RESPONSIBLE SOY IS GREAT – LOCAL PROTEIN IS EVEN BETTER
On the first of January 2021, new demands for feed companies supplying soy to Danish pig producers entered into force. The agreement is voluntary and requires that a minimum of 20% of soy should be the so-called “responsible soy”. Followed by 40% in 2022, then 60%, 80% and 100% in 2025.
We hope the Industry agreement will be fulfilled sooner not necessarily through an early adaptation of 100% “responsible soy” but through using new and local alternatives to soy.
What about new and local protein?
Ever wondered why our name is European Protein? We want to deliver feed made from locally available protein sources.

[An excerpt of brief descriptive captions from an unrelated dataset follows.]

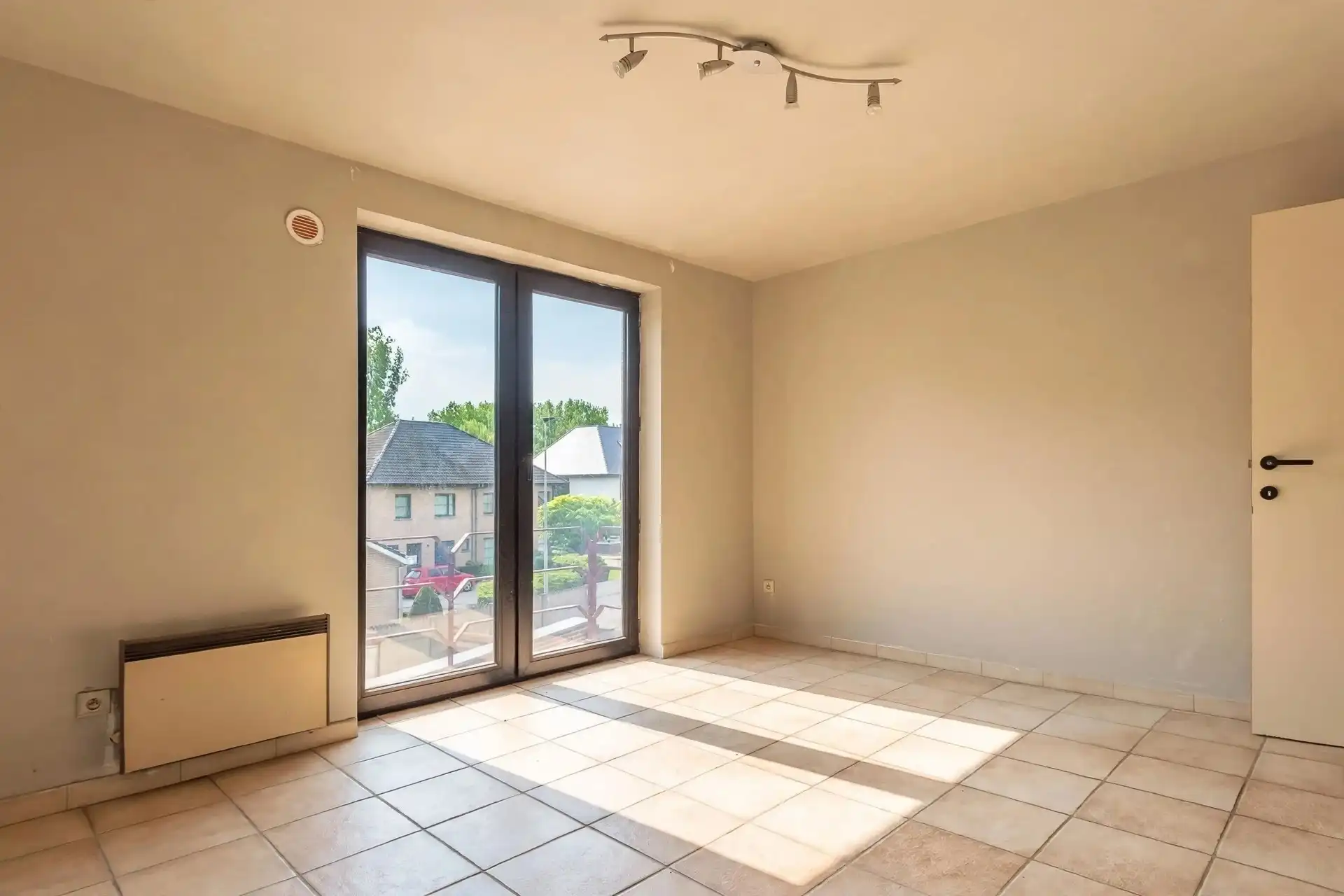 Ruim appartement met drie slaapkamers en staanplaats te Gijzegem foto 11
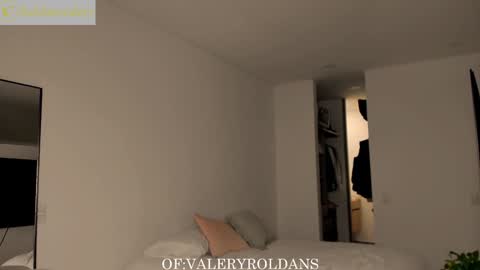 Snapshot of roldansvalery chatting on 01.20.25 Valery Roldans online show from 01.20.25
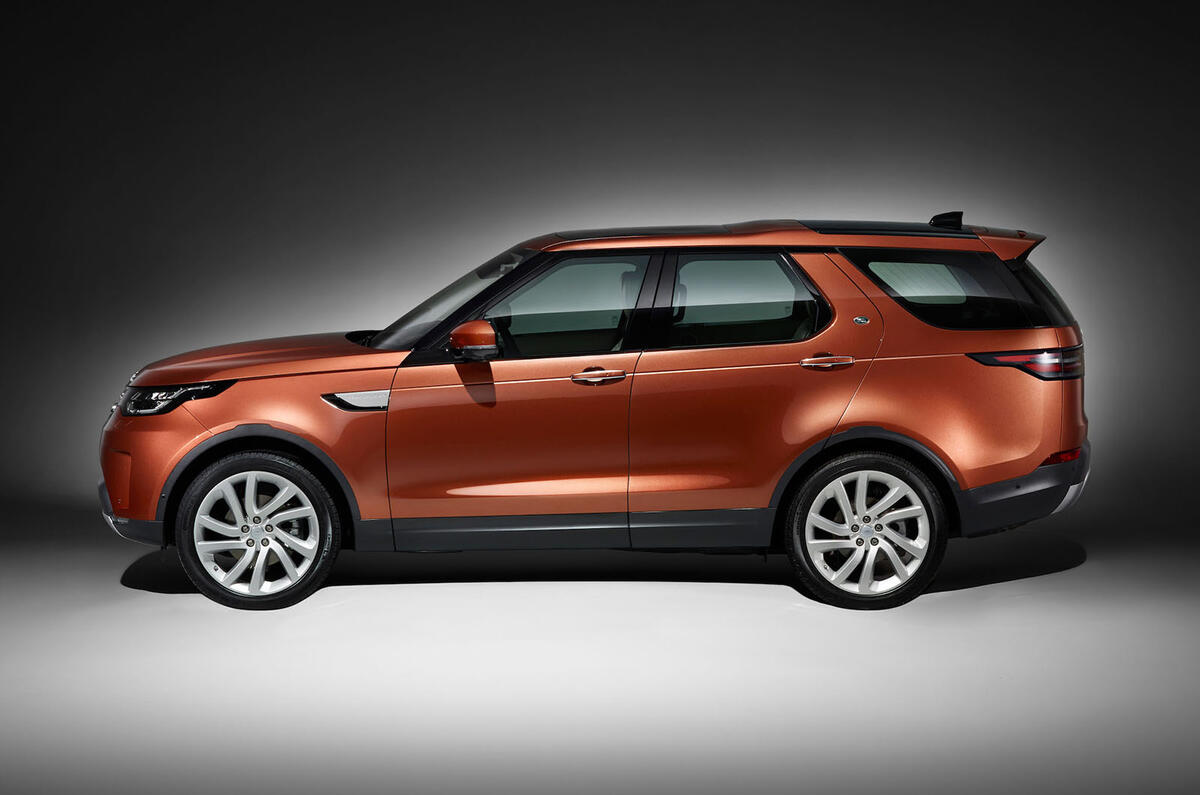 2017 Land Rover Discovery revealed in Paris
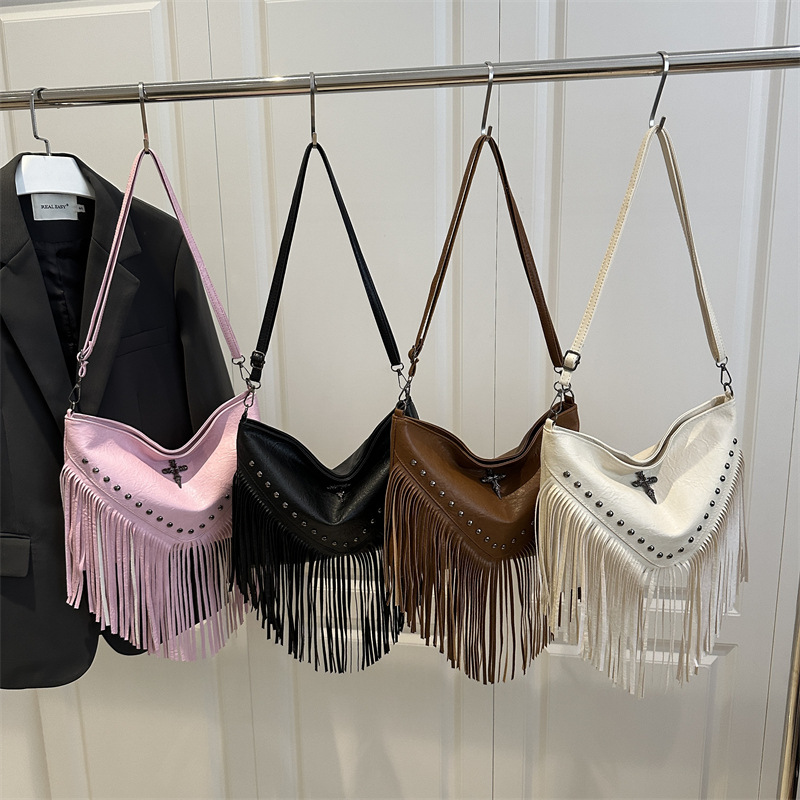 Large-capacity women's 2025 summer new style fashionable retro single-shoulder crossbody bag, high-end quality rivet tassel bag Application Scenario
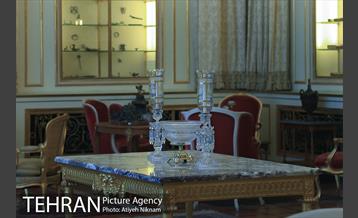 گشتی در کاخ نیاوران  7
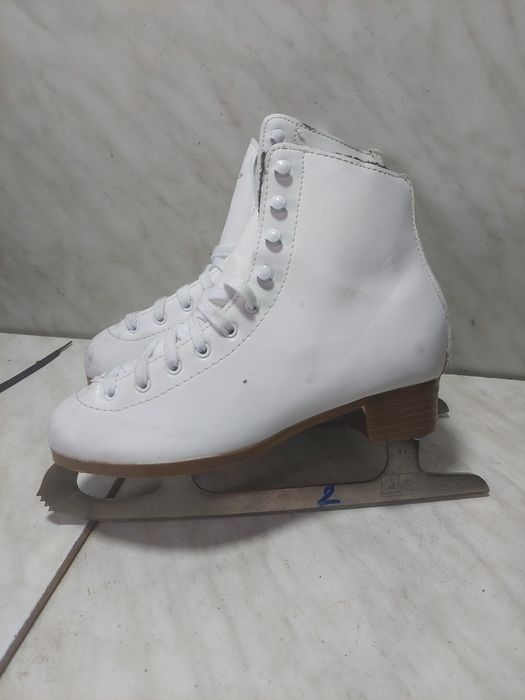 Patine gheata 2 patinaj artistic DBX marime  35-36 ( 22,5 cm)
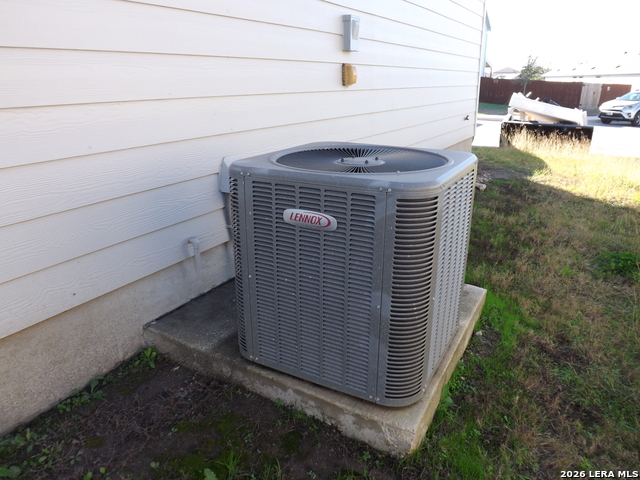 Image 21 of 25 For 738 Ambush Ridge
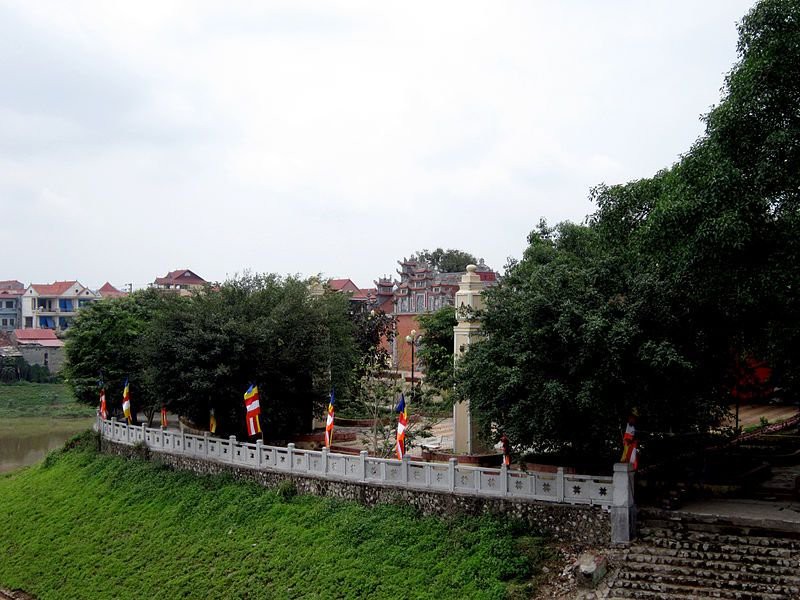 Diên Khánh cổ tự bên dòng sông Kỳ Cùng thơ mộng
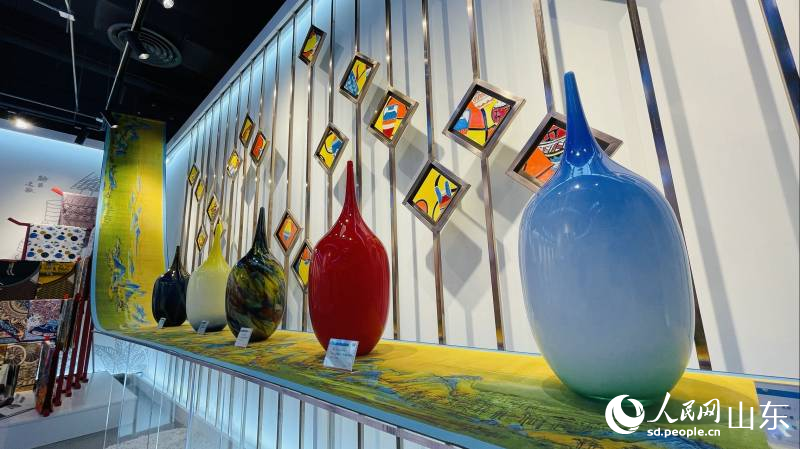 山東手造展示體驗中心淄博展區(qū)展出琉璃、陶瓷、絲綢等山東手造產(chǎn)品。喬姝攝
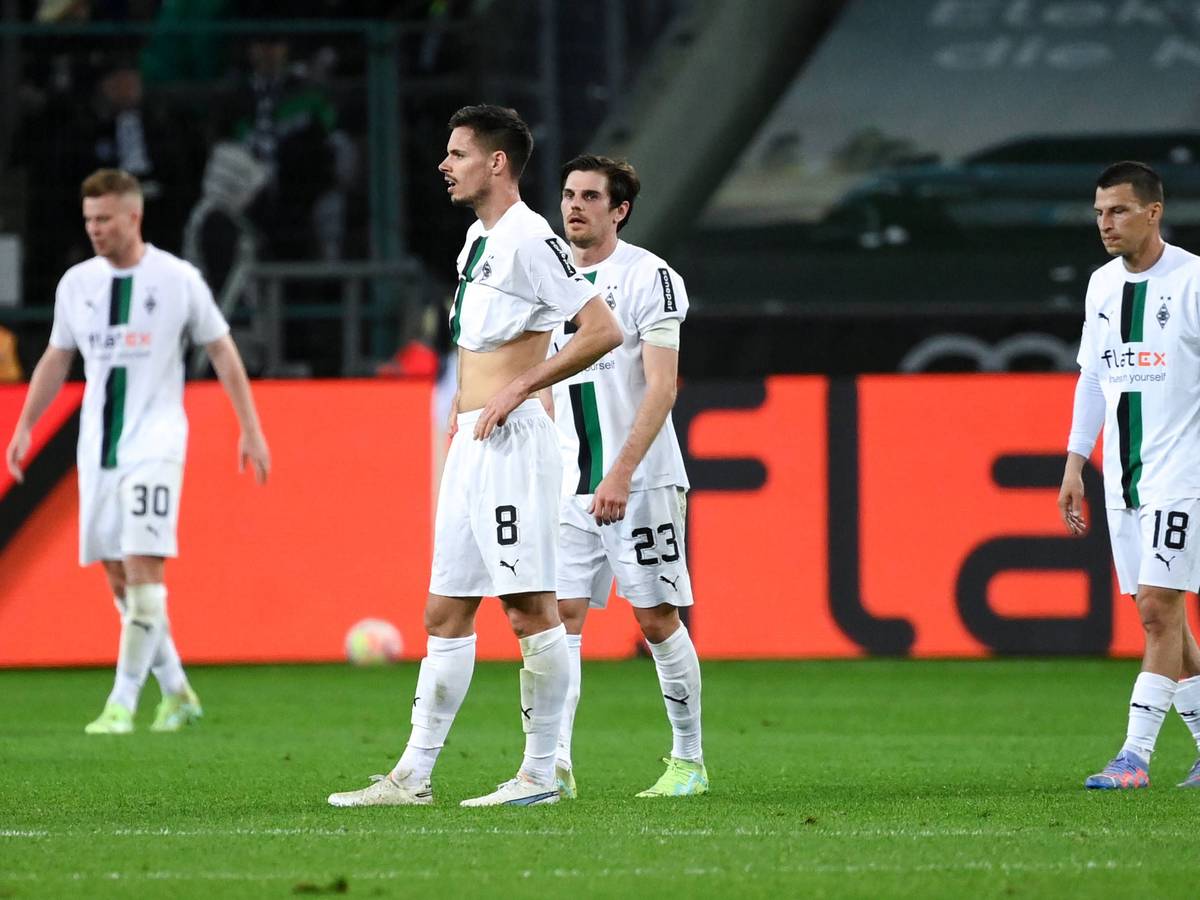 Das Foto zeigt einige Borussia-Spieler mit enttäuschtem Blick am 23. April 2023 nach der Partie gegen Union Berlin im Borussia-Park.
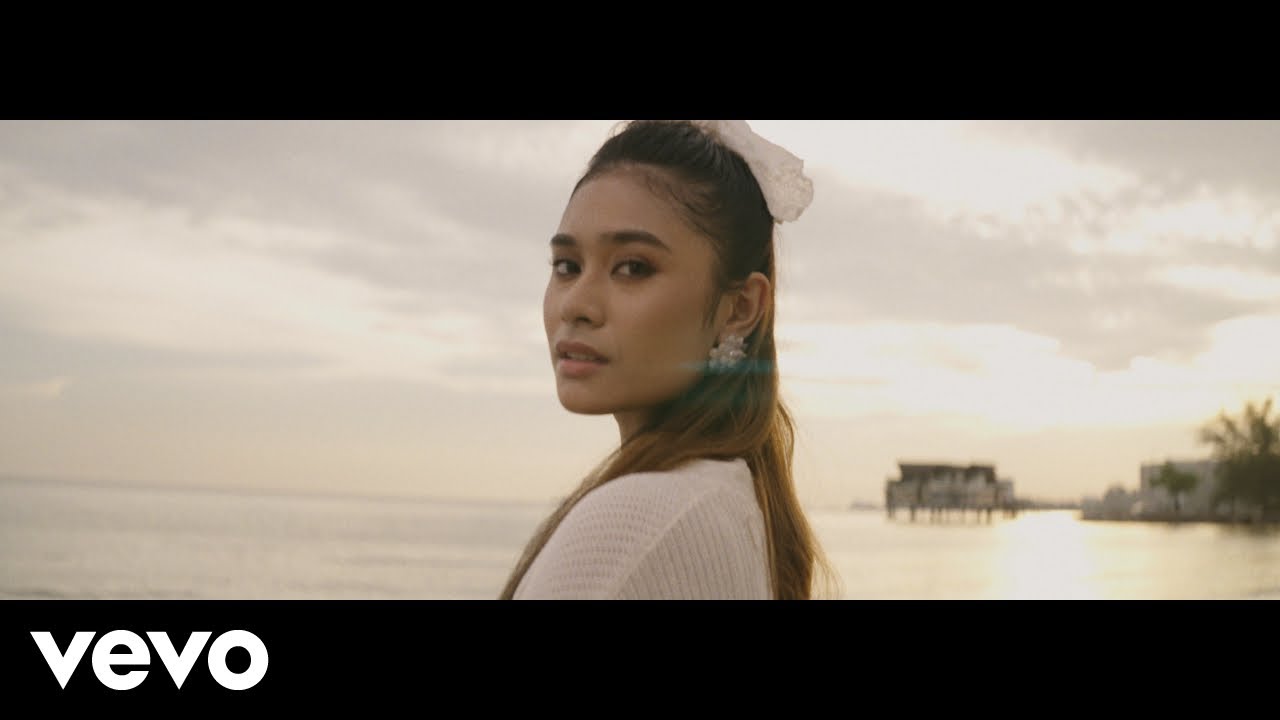 Athalia - We Go Up (Official Music Video)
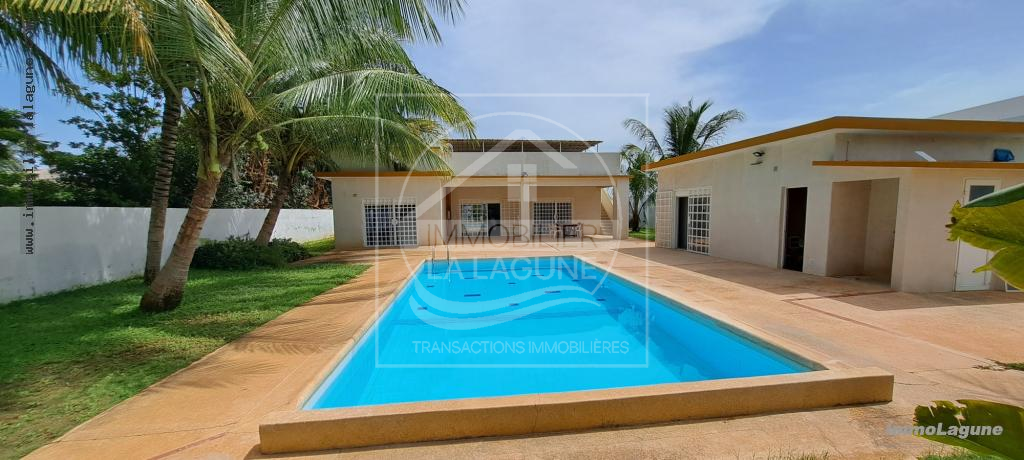 Agence Immobilière Saly Sénégal - V2396 - Villa à NGUERIGNE - V2396 villa en vente avec piscine à nguerigne sénégal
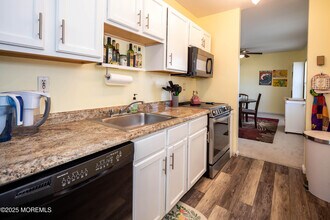 90 White St in Eatontown, NJ - Building Photo - Building Photo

In the US and Ukraine, the local protein is soy, but local protein sources in other countries could partly replace soy. And even at a very competitive cost.
Through fermentation, Europe can make more of the feed we already have. And even better, fermentation can make existing and new protein sources better suited for pigs, poultry and aqua.
50% of feed from local protein sources
In 2020 local protein made up more than half of our total feed production, proteins like European rapeseed and seaweed from the Nordics.
Let’s not only talk about soy but also agree to start using more local protein and, as an industry search for ways to use new competitive protein sources.
Besides the existing rapeseed and seaweed feeds, we will try out quite a few new ones. Hopefully, one of them will make your animal production even healthier, reduce your carbon footprint and improve your productivity.